Dear Mr Pantage - a point made, but omitting to mention that Aster products are made in a country with almost the highest levels of GNP, wealth and wages on the planet, and AccuCraft products are not. My bijou one-room apartment in downtown Tokyo, with a view over the local tofu makers and a row of flowers, costs almost $4000 a month to rent. Fortunately, the company pays.

In China I could buy a good sized chunk of a province for that. 

It is not as simplistic as you make out in your reply.

We are all aware of the relative levels of engineering excellence from the two producers - like you, I have a number of products from each of them so I'm well-qualified to make a judgement, although, in mitigation, I have to admit that I have five times as many AccuCraft locos than Aster. The difference arises from the fact that the AccuCraft producers make their version of what they are told to make, and are not model engineers as we understand the term, but assemblers of parts that they make. Aster had a prior history of making high precision parts for the banking industry comptometers and other mechanical adding machinery they produced, and simply transferred their skill-base at the time to making locomotives - Mr Cheng and his boys and girls at AccuCraft in China have no such foundation of which I am aware.

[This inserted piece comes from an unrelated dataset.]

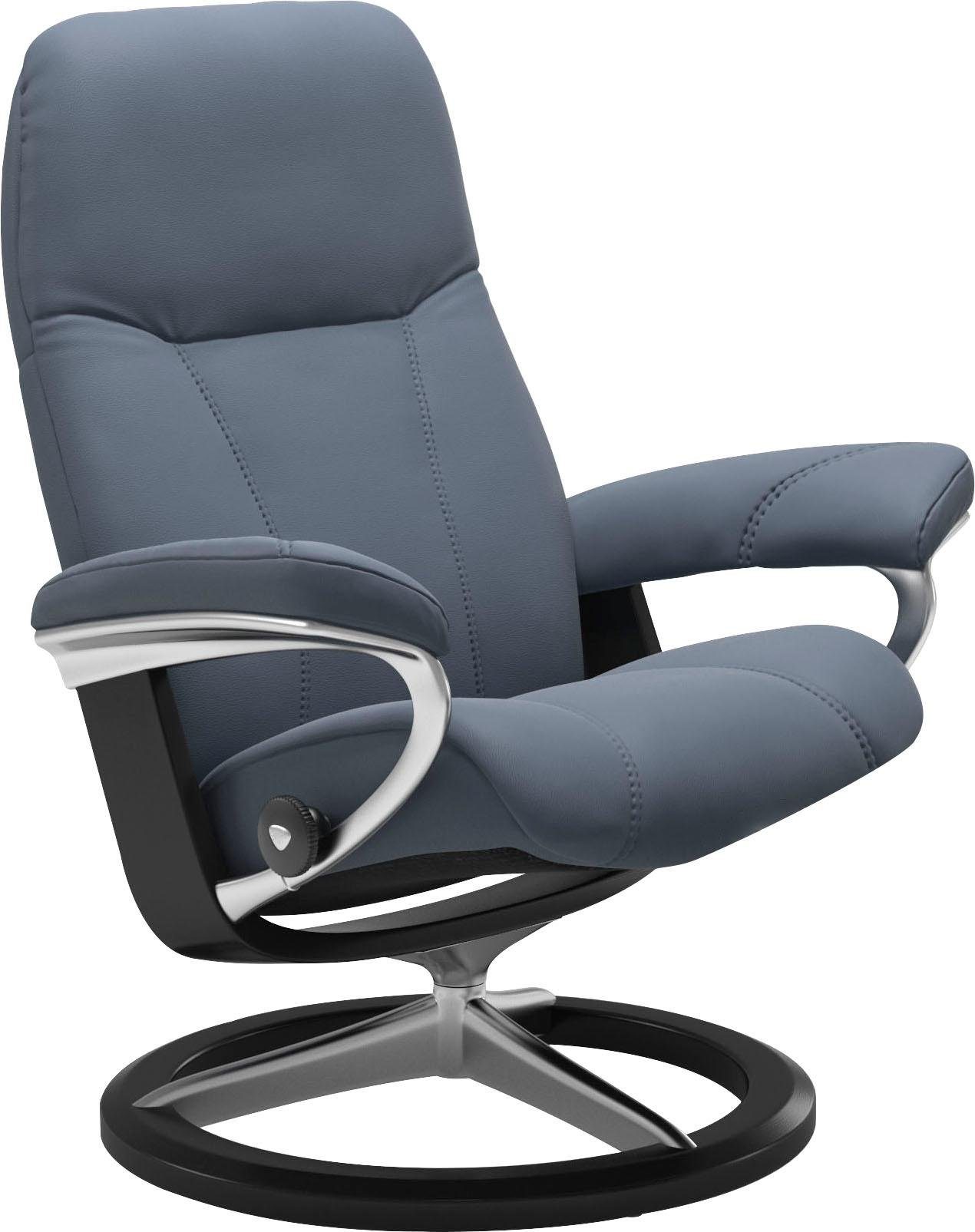 Stressless® Relaxsessel Consul, mit Signature Base, Größe S, Gestell Schwarz | Funktionssessel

On the other paw, Aster producers actually go out into the world to see the real thing - I was in the NRM in York when a most pleasant gentleman there, whose name escapes me, was taking a gazillion measurements and photos of the 'Flying Scotsman' in preparation for its production. It might have been done for the love of trains, or it might have been in return for money - I'm in no position to say, but sending a Chinese technician to Canada, for instance, to make similar measurements on CPR 2860 would be one way of getting the price up to Aster levels. As it is, we have a locomotive that steams like few others - thanks to Mr Abbott - at around half the cost of a [non-existant] Aster model. Perhaps the fact that the new AccuCraft 'Countess/Earl' is such a great success is down to the total design of that locomotive by the late and much-missed Donald Pearse, a gentleman whose expertise in miniature steam locomotive design is legendary. I have seen five so far, and all are exemplary performers, including the two whose first runs I saw.

Respectfully

tac
www.ovgrs.org


----------



## Pete Thornton (Jan 2, 2008)

For those of you who don’t know why these “improvements” aren’t incorporated into future models, it’s simple. Ask yourself, why are Accucraft engines almost half the price of Aster engines?
I get the impression that Accucraft makes models in 'batches'. They decide how many they are likely to sell and order/manufacture parts for that many + x% spares. Then they make (e.g.) 200 locos and ship them to the dealers in the various countries. 

Accucraft does include improvements in future models - if there is a future run. The second batch of J&S coaches are due from China soon with improved coupler mounts, I'm told. 

The needle valve in the steam oil lubricator is another example of an improvement that trickled through the whole (or most of the) product line. 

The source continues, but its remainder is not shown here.